[Opening INFORMATION SHOWN section]

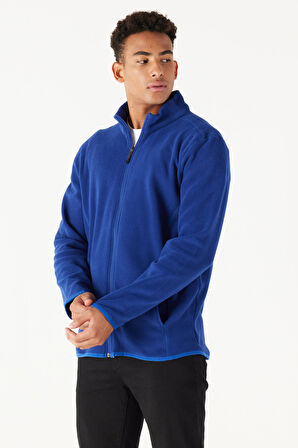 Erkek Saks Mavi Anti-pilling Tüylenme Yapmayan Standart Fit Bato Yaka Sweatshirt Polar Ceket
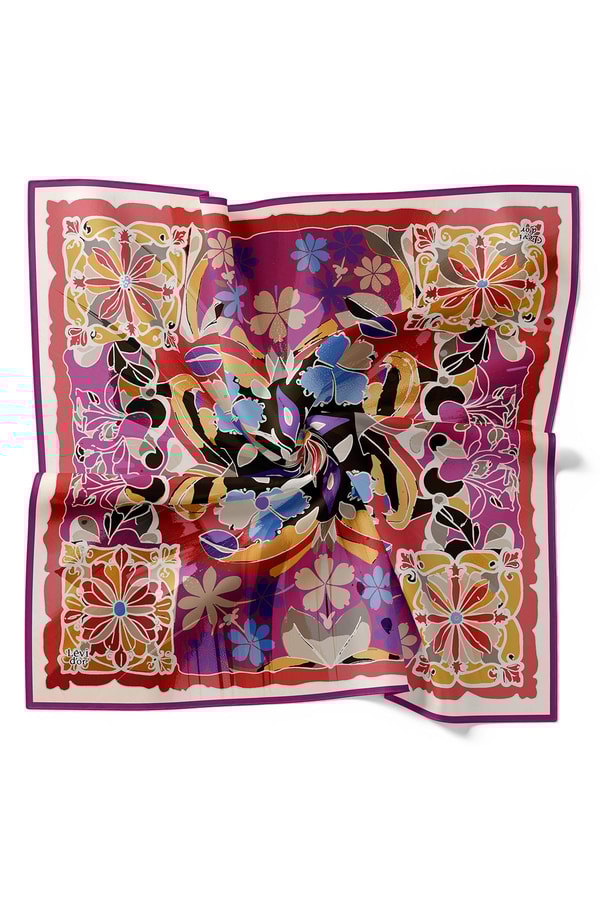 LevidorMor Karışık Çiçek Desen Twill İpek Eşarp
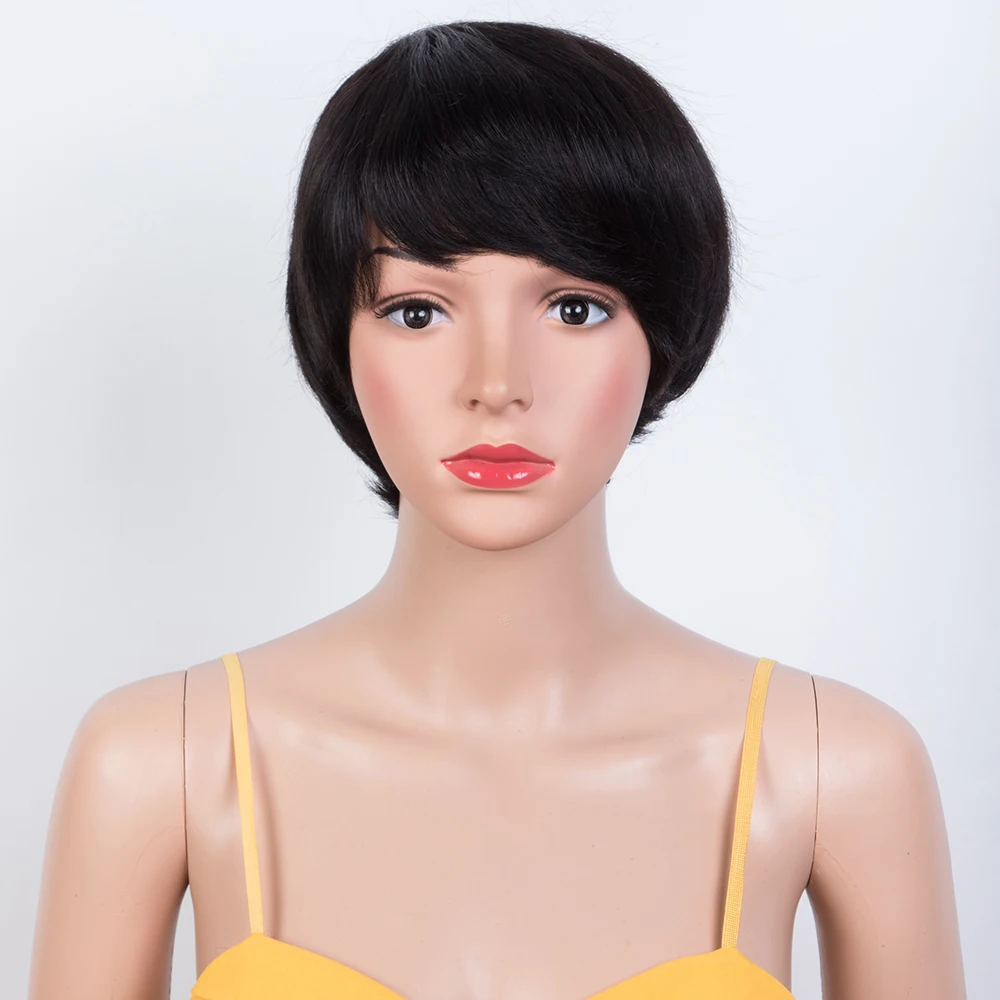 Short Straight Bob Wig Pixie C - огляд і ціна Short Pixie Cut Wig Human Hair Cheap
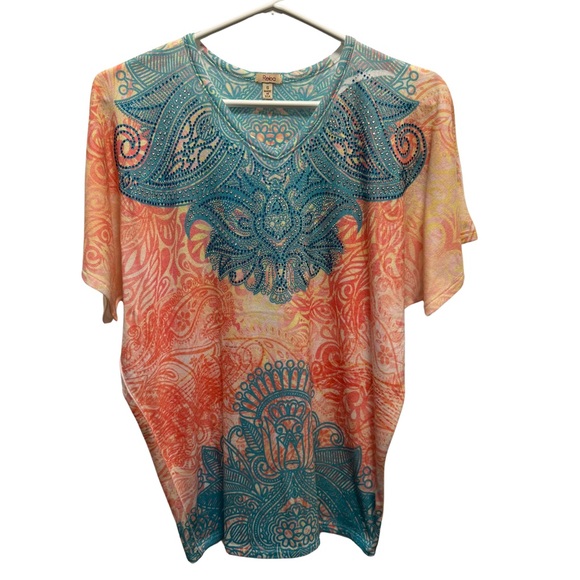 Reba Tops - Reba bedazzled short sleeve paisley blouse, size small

[Closing INFORMATION SHOWN section]

[TASK GOAL] Write the material out again word for word and omit any images.

[EXERCISE ANSWER]
 Erkek Saks Mavi Anti-pilling Tüylenme Yapmayan Standart Fit Bato Yaka Sweatshirt Polar Ceket
 LevidorMor Karışık Çiçek Desen Twill İpek Eşarp
 Short Straight Bob Wig Pixie C - огляд і ціна Short Pixie Cut Wig Human Hair Cheap
 Reba Tops - Reba bedazzled short sleeve paisley blouse, size small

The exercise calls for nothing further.